As for the object that would serve as the basis for the search, in trying to find a rich example to put our ideas into practice, we chose to look for wheels. The rationale behind this decision was based on the recurrent presence of the abstract circular shape triggered by the idea of cycle, repetition, and iteration that have permeated this project. In addition, the corpus we had available contained the film La roue (The Wheel, Abel Gance, 1923), which seemed to be a funny and relevant coincidence. However, beyond the symbolic aspects of this choice, the interest in studying wheels also lied in their ubiquity. On the one hand, we wondered whether the fact that wheels were present in so many objects would provide us with a general idea of the corpus and allow us to come up with unforeseen connections. On the other hand, we thought that the search for such a ubiquitous object would allow us to test the technology and reflect on the possibilities and limitations of using an AI system like Snoop for studying cinema history.
After conducting approximately 30 rounds of searches, we ended up with a file of 482 frames showing wheels. Before starting, we decided not to engage in a quantitative analysis. Therefore, during our interaction with Snoop, we did not always mark positive examples from the same sequence. This decision aimed to reduce the number of similar photogrammes from the same sequence in the final file. For each project, the researcher needs to decide how to strike a balance between the online training of Snoop and the research project’s needs. Having repeated images in the search results is unavoidable because, statistically, the most similar images to a given photogramme are always other photogrammes from the same sequence. The ‘novelty’ parameter favours images from other sequences, but excerpts from a single sequence are bound to appear again. If we only keep one and mark the rest as negative, Snoop will be confused, and this will have an impact on further findings. These are all methodological choices that affect results.
As expected, the photogrammes resulting from our experiments contained plenty of means of transport which included cars, carriages, and carts both pulled by horses and humans. This allowed us to quickly ‘watch’ our corpus and examine its heterogeneity in terms of subjects and locations. The train, predictably, was very present in the retrieved images. In this sense, Snoop served to validate previous research which has highlighted the fascination that cinema had with this means of transport from the very beginning.[49] This fascination is visible in the close ups of train wheels that Snoop identified in Die Liebe der Jeanne Ney (The Love of Jeanne Ney, Georg Wilhelm Pabst, 1927), La roue, and Goluboy ekspress (The Blue Express, Ilya Trauberg, 1929) (Figure 4). The tension between the inescapable interaction between humans and machines can be perceived in frames from The Wheel and The Blue Express, which show the human figure by the side of enormous train wheels (Figure 5).

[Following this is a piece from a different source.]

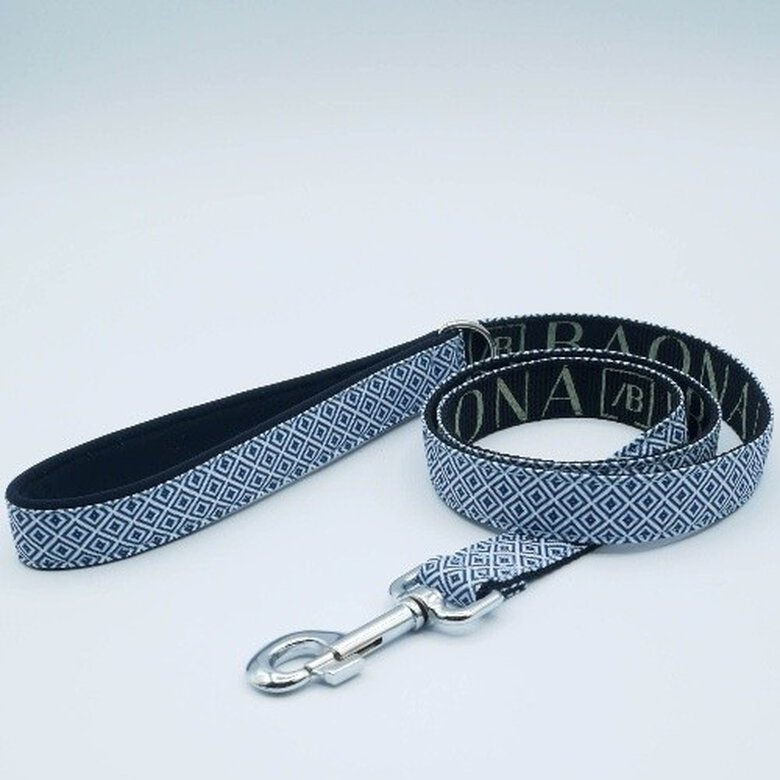 Baona collar zanzíbar de nylon reciclado azul y blanco para perros, , large image number null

There were other findings which showed aesthetic coincidences between stills from different films that caught our attention. We noticed that the way both J’accuse (I Accuse, Abel Gance, 1919) and Le ciel est à vous (The Woman Who Dared, Jean Grémillon, 1944) portrayed the arrival of trains at stations bore a striking similarity between them and also with L’Arrivée d’un train en gare de La Ciotat (The arrival of a train at La Ciotat Station, Louis Lumière, 1985), which was not part of our corpus but was an unavoidable reference (Figure 6). These coincidences between French films made roughly every twenty years can be interpreted as a punctuation which acknowledges previous generations of filmmakers.

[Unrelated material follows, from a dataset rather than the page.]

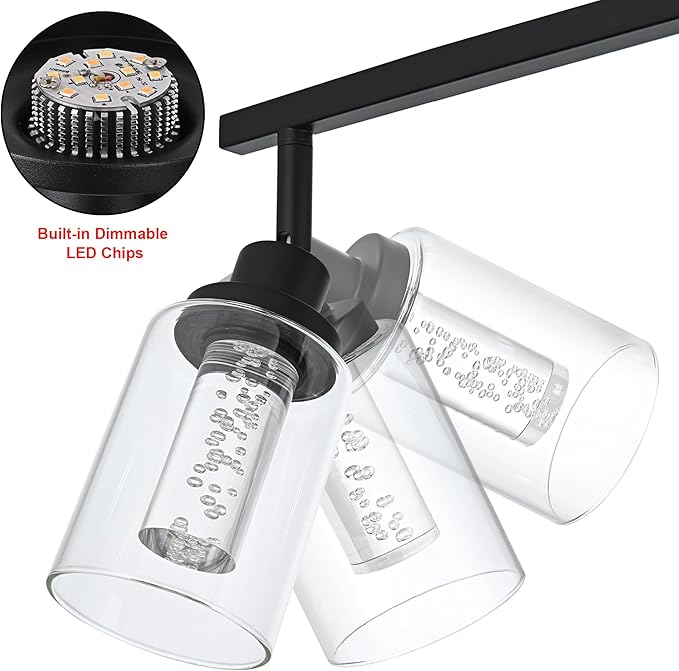 MELUCEE 3 Lights LED Track Lighting Kit Ceiling Bathroom Vanity Light Fixtures Wall Mounted Lamp Black Finished with Flexibly Rotatable Light Heads, Built-in LED Chips, 5-Color Temperature Adjustable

However, when seeing these photogrammes we wondered in what ways these coincidences were relevant in relation to our corpus. We side with Amanda Wasielewski’s observation that ‘[a] computational technique can determine whether certain images match one another, but it cannot tell you why they match or whether the fact that they match is relevant information’.[50] For our case, we thought this match was relevant inasmuch it obliged us to reflect on the meaning of European trains arriving to Latin American screens in the 1950s.

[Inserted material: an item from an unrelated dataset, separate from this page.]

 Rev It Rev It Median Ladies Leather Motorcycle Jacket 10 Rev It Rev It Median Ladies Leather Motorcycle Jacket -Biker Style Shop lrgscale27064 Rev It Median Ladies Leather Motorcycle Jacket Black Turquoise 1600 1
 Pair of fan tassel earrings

Getting back to scholars that have studied trains in cinema, we found it relevant that Leo Charney and Vanessa R. Schwartz claimed that both cinema and the railroad are part of a ‘few talismanic innovations’ that allow us to grasp ‘“[m]odernity,” as an expression of changes in so-called subjective experience or as a shorthand for broad social, economic, and cultural transformations’.[51] In the same vein, Lynne Kirby establishes connections between train, cinema, and modernity, and has argued that ‘[b]y incorporating the perceptual disorientation associated with the rapid rush of movement bound up with the train, these films [railroad films from the 1920s] celebrated modernity as a liberating force and aimed to free film from its status as an instrument of bourgeois domination’.[52] These appreciations seem relevant to explore the context of our corpus, set at the beginning of the Cold War, a time of economic, social, and political disruption in which discourses related to ‘bourgeois domination’ would abound. In addition, as Kirby’s research argues, ‘railways outside the West appeared initially as an extension of Western imperialism’.[53] This observation, again, emphasised that our corpus was constructed between Europe and Latin America. The images triggered by Snoop allow us to think about the ways ‘the West’ – Europe and the United States – have interacted with Latin America and have expanded modernity.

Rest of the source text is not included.